The film gives credit to two other editors, but it was edited by Welles himself. The film is about trickery, and the movie itself is full of tricks. The way it is edited, you may believe that any two people are talking to each other, but in fact they’re not even in the room together. Welles also plays with sound. He dubs in his voice in certain areas with profound trickery as well. Most of the film deals with writer Clifford Irving, who apparently wrote a fake biography of the real Howard Hughes, or was it a fake Howard Hughes? He also had something to do with a great art forger named Elmyr de Hory. By the time the film is done, you don’t know who to believe. You don’t even know if the entire film is a put-on.

Certainly the ending is a put on. At the beginning of the film, Welles announces that he will tell the truth for one hour. By the time we get to the end, just as Welles predicted, we have forgotten what he said. Actress and Welles’ lover, the luscious Oja Kodar, plays a young woman who was apparently painted by Pablo Picasso. Welles concocts a fabulous “recreation” of what happened, even though the story contradicts itself. He then appears and tells us that the whole story has been a fake. The film also deals briefly with his War of the Worlds fakery back in the thirties.

F for Fake calls to mind other documentaries such as the entirely phony This is Spinal Tap and the recreation documentary The Thin Blue Line, and begs the question of whether or not F for Fake really is a documentary. I think it is. Welles is attempting to explain, taking full advantage of the medium, how all stories have a certain element of fake to them, and that filmed documentaries are no different. An odd contradiction in itself for a man, who at the beginning of his career, began work on a documentary entitled, It’s All True.
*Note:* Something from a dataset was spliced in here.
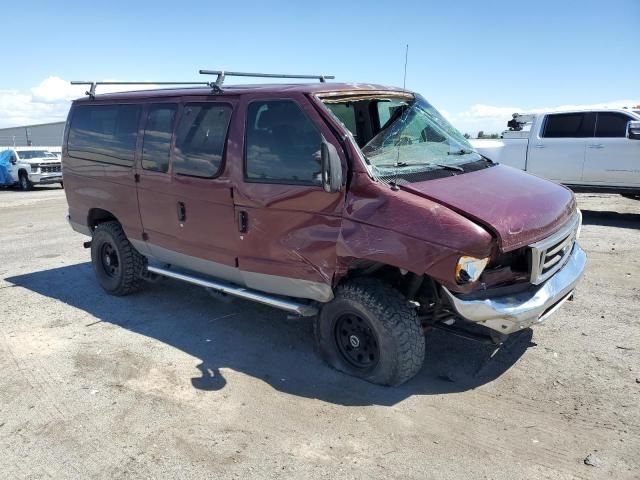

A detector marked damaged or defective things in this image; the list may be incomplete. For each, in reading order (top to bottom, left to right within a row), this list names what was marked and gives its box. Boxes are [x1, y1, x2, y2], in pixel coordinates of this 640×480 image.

damaged red van [61, 71, 584, 386]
DVD Details: The Criterion Collection released the laserdisc, from which I wrote the above review, and now they’ve followed up ten years later with an even better DVD. This sublime two-disc set comes with a newly remastered edition of the movie, in which Welles’ new scenes appear crystal clear, but the de Hory sequences (which were filmed by Francois Reichenbach) are still scratchy. (This has no effect on the film.) Oja Kodar provides a hestitant commentary track, and Peter Bogdanovich gives an introduction. As on the laserdisc, the DVD also contains the rejected 9-minute trailer cut by Welles, which contains footage not seen in the film. We also have English subtitles for the first time. Disc Two comes with the 1995 German documentary Orson Welles: One Man Band, devoted to his unfinished works such as The Other Side of the Wind, The Deep and a small screen version of The Merchant of Venice. HBO recently did their own version of this film, in English, but both are worth seeing. Otherwise, we get more information on Irving and de Hory, notably a “60 Minutes” interview with Irving and a new documentary about de Hory (rather straightforward, which shows just how innovative Welles’ film really is). Best of all, Jonathan Rosenbaum contributes new liner notes that reveal more about the film that I caught on my two viewings. Even so, I’m convinced that this is a masterpiece and one of Welles’ most accomplished works.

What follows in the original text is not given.